Living in an occupied land is not easy. Water is rationed, this month there have been power cuts across the West Bank, movement is limited, violence can and does flare up; everyday there are many injustices and restrictions to navigate.

But so many people refuse to hate, they refuse to teach their children to hate and their lives speak instead of compassion, hospitality and generosity.

These people are human and sometimes I do hear a complaint – not aimed at the Israelis, or their own Government, or at Donald Trump but at us, the Church and particularly the church in the West.

Why have we forgotten the Palestinians? Why are we not in solidarity? Why do so many Christians support the Occupation and ignore the presence of Christians in the Holy Lands. One Christian leader suggested it was because we in the West have hardly any concept of Kingdom and thus of kinship. Our faith has become reduced to a ticket to the Good Place, our discipleship to a matter of personal morality and convention.

Perhaps another reason is our guilt. The Christian roots of anti-Semitism and our collusion with the holocaust is truly shameful part of our history and practice. How many people have recently  sang Lo He Comes With Clouds Descending  and in particular the words:

‘Those who set at nought and sold him, Pierced and nailed him to the tree, deeply wailing, shall their true messiah see’?

Are we really longing to bring Jewish people to a place of wailing and do we still want to perpetuate the accusation of deicide that has caused such harm over two thousand years? We cannot deny that our ill treatment of Jewish people over millennia has had deadly consequences and therefore shouldn’t we recognise and support the establishment of a Jewish state as a place of sanctuary?

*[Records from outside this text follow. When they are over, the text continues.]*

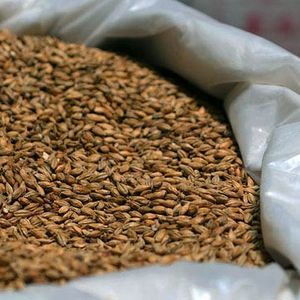 Хранение сортовых семян зерновых культур
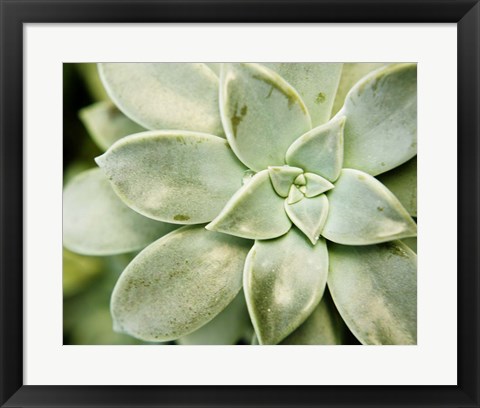 Framed Spring Succulent II Print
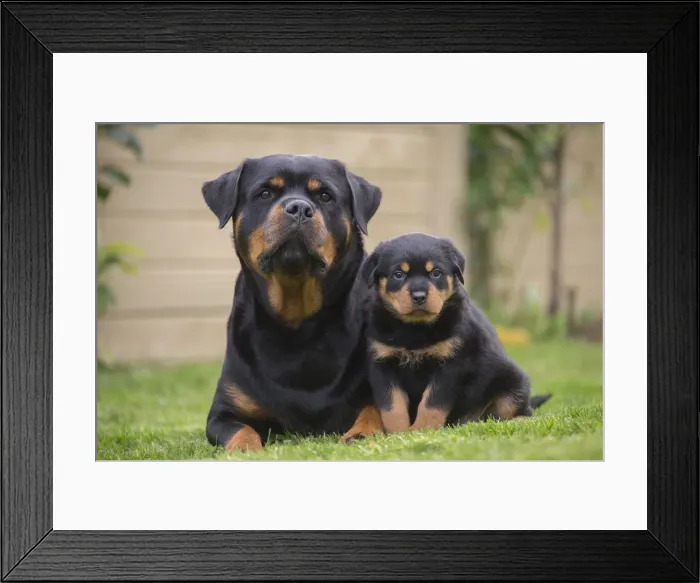 Framed Print : Picture No. 12019539 Framed Print : Picture No. 12019539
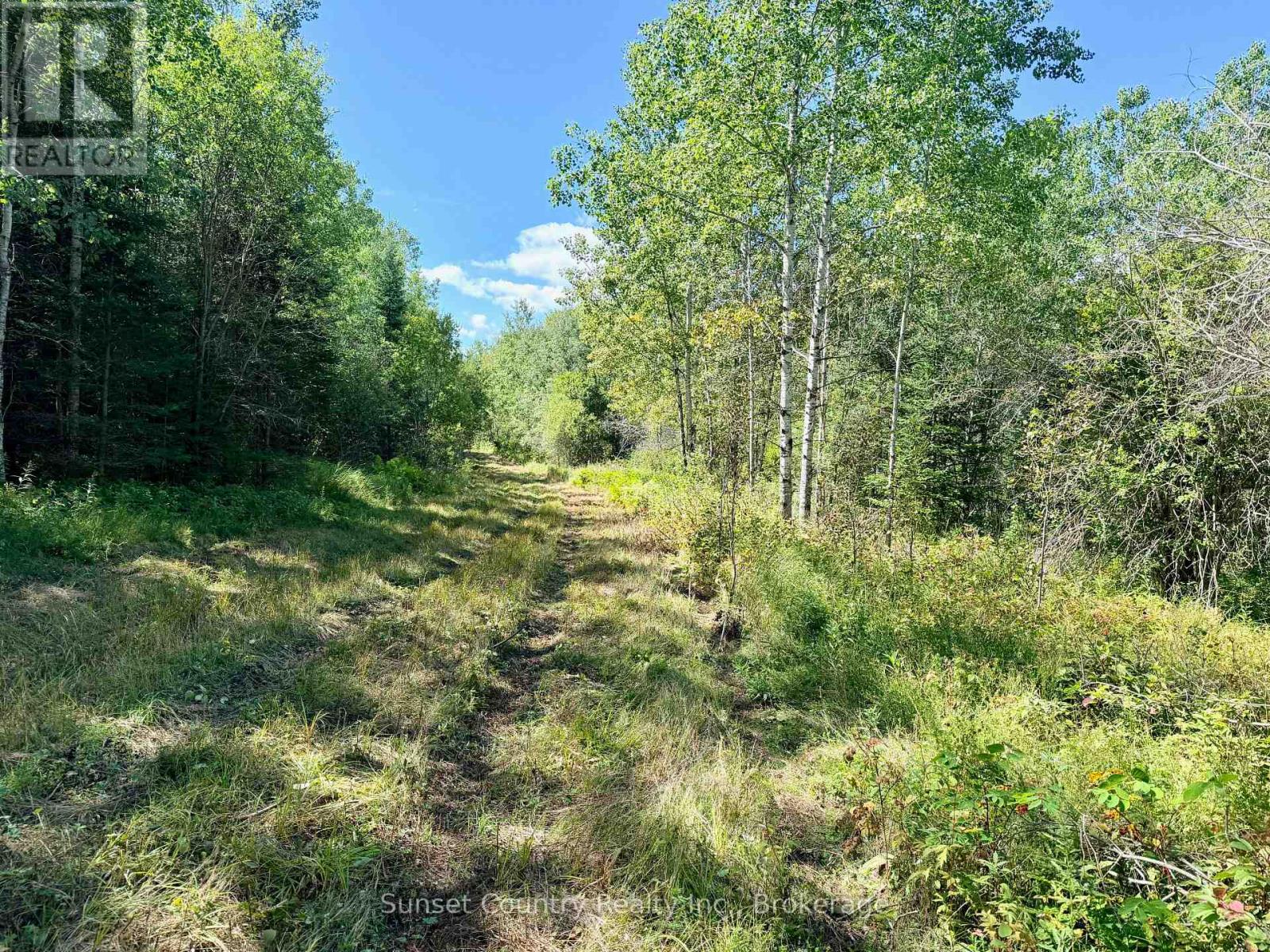 0 Wall Street W, Kenora Remote Area, Ontario  P0V 2J0 - Photo 1 - X13809716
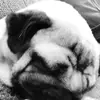 Stanley Hook 7826 - @stanley.hook.7826 - TikTok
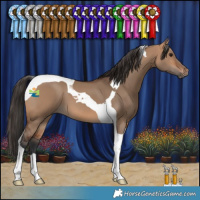 Horse Color:Bay Dun Tobiano 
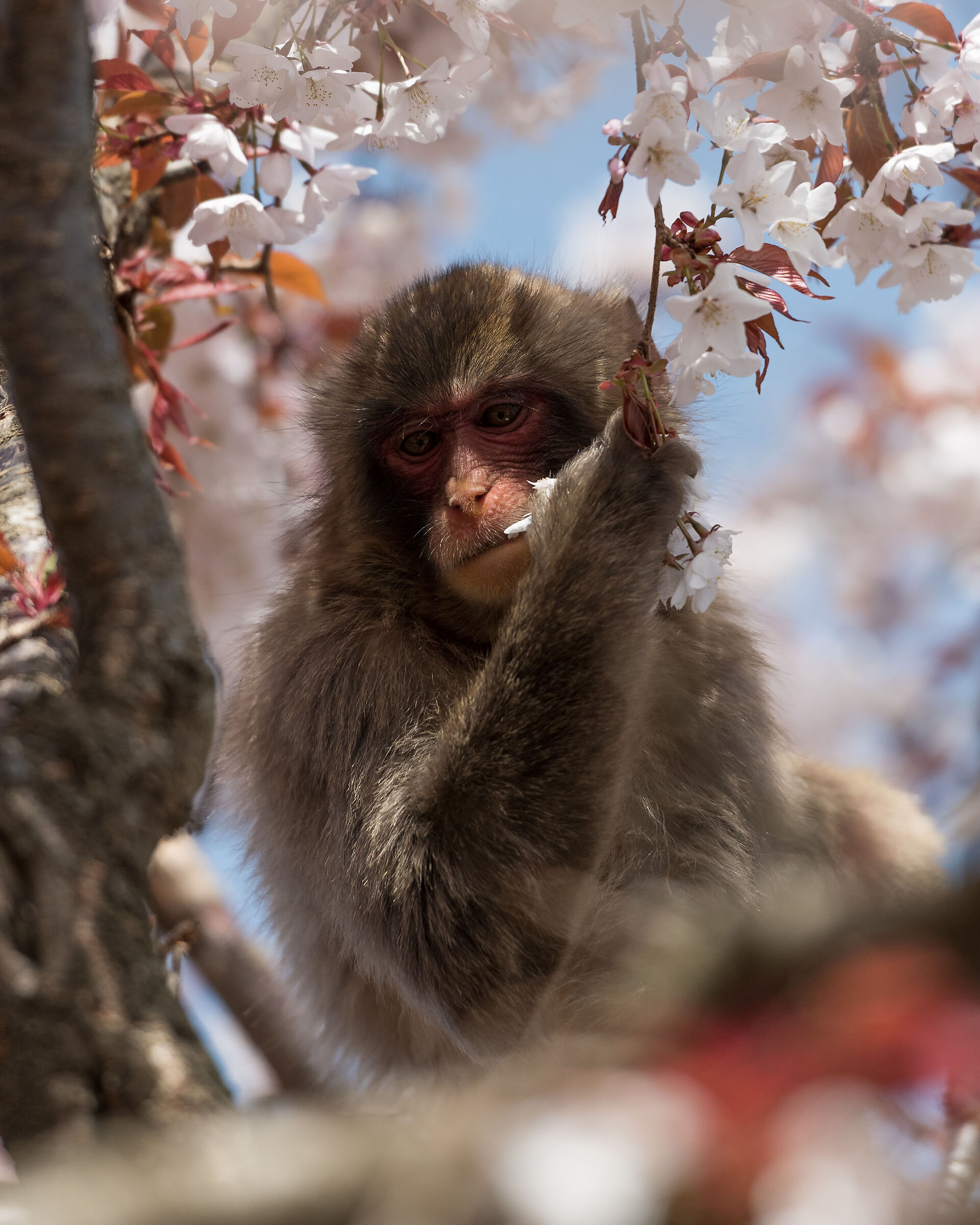 Iwatayama Monkey Park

But I believe this is not a zero-sum game. Being for one thing does not mean being against another. Jesus teaches us that. He loved all who crossed his path, he healed the sick child of an occupying soldier, he bantered at the well with a Samaritan woman and went to tea with a tax collector. But he was still passionate about justice, freedom and kindness.

I have friends in both Israel and Palestine – Christians, Muslims and Jews. I hope there is room for me to be passionate about equal rights for everyone in the land. I hope there is space to grieve at the pain of generations slaughtered by Nazi ideology and to hear the hurt of a Palestinian family who lost their home, livelihood and father in the Nakba of 1948.

I don’t go to the Holy Lands to ‘do’ anything special. There are enough peace-making experts, theologians and reconcilers there already. I go to listen and learn. I take others to listen and learn. I go because the people there have become my friends and I want to be in solidarity with them as they live lives that speak of Jesus. I go too to learn how I might live here, as we become aware of the fragmented and fissured nature of our society. Who needs to be heard? Who needs to grieve? Who is living like Christ with a heart broken open with love for the ‘other’ refusing polarities, binaries and the comfort blankets of self-justification, blame and scapegoating? How do we see what God is doing through ordinary people and join in, in Birmingham, in Bethlehem  or wherever God sends us.